Raiders at NFL Football Training Camp


Oakland Raiders head coach Jon Gruden claps during NFL football training camp Thursday, Aug. 8, 2019, in Napa, Calif. Both the Oakland Raiders and the Los Angeles Rams held a joint practice before their upcoming preseason game on Saturday. (AP Photo/Eric Risberg)

Heading into the 2017 season, the Raiders thought they had a roster capable of contending for a deep playoff run. Coming off a 12-4 campaign in 2016 that doubled as a breakout year for quarterback Derek Carr, the Oakland decision-makers at the time believed things were headed in the right direction.

But after the 2017 team tanked (6-10 record, -72 point differential), Mark Davis canned the duo of general manager Reggie McKenzie and head coach Jack Del Rio and persuaded former Raiders coach Jon Gruden to return from the broadcast booth and take over control of the team.

Gruden decided that a teardown was in order and has since undertaken a near-total rebuilding project, shipping out most of the team’s established talent (Khalil Mack, Amari Cooper) in favor of draft picks and low-cost young players.

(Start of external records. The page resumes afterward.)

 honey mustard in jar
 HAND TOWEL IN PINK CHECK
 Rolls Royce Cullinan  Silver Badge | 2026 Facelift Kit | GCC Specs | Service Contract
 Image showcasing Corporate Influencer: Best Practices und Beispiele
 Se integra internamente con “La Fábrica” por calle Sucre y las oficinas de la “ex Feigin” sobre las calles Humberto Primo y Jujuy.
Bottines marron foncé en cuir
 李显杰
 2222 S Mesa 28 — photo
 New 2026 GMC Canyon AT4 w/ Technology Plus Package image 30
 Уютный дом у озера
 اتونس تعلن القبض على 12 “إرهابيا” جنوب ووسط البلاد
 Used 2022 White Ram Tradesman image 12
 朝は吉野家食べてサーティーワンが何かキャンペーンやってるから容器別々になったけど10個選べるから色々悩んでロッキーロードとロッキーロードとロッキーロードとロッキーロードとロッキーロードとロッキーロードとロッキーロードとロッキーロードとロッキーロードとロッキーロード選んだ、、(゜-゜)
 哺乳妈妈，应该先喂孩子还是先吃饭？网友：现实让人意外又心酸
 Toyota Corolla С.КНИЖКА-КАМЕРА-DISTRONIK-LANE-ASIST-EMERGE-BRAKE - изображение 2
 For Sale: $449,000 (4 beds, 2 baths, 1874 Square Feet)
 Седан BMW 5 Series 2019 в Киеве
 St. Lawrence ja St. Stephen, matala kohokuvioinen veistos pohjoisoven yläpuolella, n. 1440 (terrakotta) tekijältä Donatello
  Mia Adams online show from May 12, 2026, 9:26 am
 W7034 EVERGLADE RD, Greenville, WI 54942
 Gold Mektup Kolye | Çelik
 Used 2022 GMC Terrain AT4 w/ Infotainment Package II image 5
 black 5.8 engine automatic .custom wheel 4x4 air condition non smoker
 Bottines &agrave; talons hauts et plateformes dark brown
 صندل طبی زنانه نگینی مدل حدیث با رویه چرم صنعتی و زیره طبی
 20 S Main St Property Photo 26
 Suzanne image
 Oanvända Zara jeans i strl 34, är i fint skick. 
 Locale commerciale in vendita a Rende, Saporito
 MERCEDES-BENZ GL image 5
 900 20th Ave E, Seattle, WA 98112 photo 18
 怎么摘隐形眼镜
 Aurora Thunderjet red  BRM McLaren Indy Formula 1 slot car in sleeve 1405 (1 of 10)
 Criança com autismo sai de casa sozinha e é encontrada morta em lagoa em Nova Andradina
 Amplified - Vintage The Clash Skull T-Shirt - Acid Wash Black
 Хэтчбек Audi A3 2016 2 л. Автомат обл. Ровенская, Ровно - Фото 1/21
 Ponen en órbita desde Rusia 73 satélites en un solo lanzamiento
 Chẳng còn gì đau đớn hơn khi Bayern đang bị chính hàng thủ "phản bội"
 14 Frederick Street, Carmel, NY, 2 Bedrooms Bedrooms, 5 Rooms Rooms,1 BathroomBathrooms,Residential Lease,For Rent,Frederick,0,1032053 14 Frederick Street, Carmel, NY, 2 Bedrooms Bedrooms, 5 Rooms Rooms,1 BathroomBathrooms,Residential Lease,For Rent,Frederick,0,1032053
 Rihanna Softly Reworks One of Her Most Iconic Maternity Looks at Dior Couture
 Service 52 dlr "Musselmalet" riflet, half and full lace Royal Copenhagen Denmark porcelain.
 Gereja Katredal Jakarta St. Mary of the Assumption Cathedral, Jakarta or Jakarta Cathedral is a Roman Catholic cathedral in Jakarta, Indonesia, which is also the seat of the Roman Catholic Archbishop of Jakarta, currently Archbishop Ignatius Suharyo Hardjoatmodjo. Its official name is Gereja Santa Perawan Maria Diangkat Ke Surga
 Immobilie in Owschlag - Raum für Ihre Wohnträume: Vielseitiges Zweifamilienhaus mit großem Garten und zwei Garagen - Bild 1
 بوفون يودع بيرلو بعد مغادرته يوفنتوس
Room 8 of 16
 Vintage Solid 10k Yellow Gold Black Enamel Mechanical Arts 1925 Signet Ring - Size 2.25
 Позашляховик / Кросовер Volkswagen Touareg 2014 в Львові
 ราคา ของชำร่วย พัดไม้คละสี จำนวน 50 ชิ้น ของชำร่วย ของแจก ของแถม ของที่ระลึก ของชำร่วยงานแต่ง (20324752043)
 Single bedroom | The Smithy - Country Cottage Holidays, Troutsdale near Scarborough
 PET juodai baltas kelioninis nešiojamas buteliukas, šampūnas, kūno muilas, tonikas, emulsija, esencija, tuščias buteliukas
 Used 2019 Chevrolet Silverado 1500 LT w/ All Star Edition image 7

Heading into Gruden’s third year as the franchise’s czar, is the rebuilding project on track? Are the Raiders a perennial playoff team in the making, or are there still vital pieces missing from the blueprint?

Let’s compare the 2020 depth chart to the 2017 team, the year before Gruden’s arrival:


2017: Derek Carr

2020: Derek Carr

The most important personnel decision an organization makes is at quarterback. When Gruden was hired, some questioned whether he believed in Carr as a franchise QB; well, three years later Carr is still the undisputed starter, so the coach must think pretty highly of him.

Progress: Positive. Carr is still searching for his place in the league and trying to recapture the magic of his breakout 2016 season, but he is a better quarterback now. Whether he’s good enough to lead a contender remains to be seen. For now and for the foreseeable future he appears to be the man.

Offensive line

2017: LT Donald Penn, LG Kelechi Osemele, C Rodney Hudson, RG Gabe Jackson, RT Marshall Newhouse

2020: LT Kolton Miller, LG Richie Incognito, C Rodney Hudson, RG Gabe Jackson, RT Trent Brown

Donald Penn was 34 years old, so Gruden was probably wise to invest a first-round pick in Kolton Miller. Rodney Hudson and Gabe Jackson are three years older and approaching the tail end of their primes, while Richie Incognito is going into his 17th season and isn’t a long-term building block. Trent Brown is a very good right tackle, but the Raiders are paying full freight there.

Progress: Even. The Las Vegas offensive line should be among the best in the league, but the three interior positions — while extremely solid — have only gotten older. Brown is a nice addition, but he comes with a heavy cost. Miller looks like a very good young left tackle and Gruden should be able to rebuild the line around him in future years.

Skill players

2017: RB Marshawn Lynch, TE Jared Cook, WR Amari Cooper, WR Michael Crabtree

2020: RB Josh Jacobs, TE Darren Waller, WR Henry Ruggs, WR Bryan Edwards

This is where the rebuilding effort is most evident. The 2017 team leaned on declining veterans at the skill positions, and Gruden has cleared them out and replaced them with young, high-upside players. Josh Jacobs and Darren Waller have already paid off; if Henry Ruggs or Bryan Edwards (or both) follow suit, this is a dangerous stable of playmakers who could remain in place through the rest of Carr’s prime.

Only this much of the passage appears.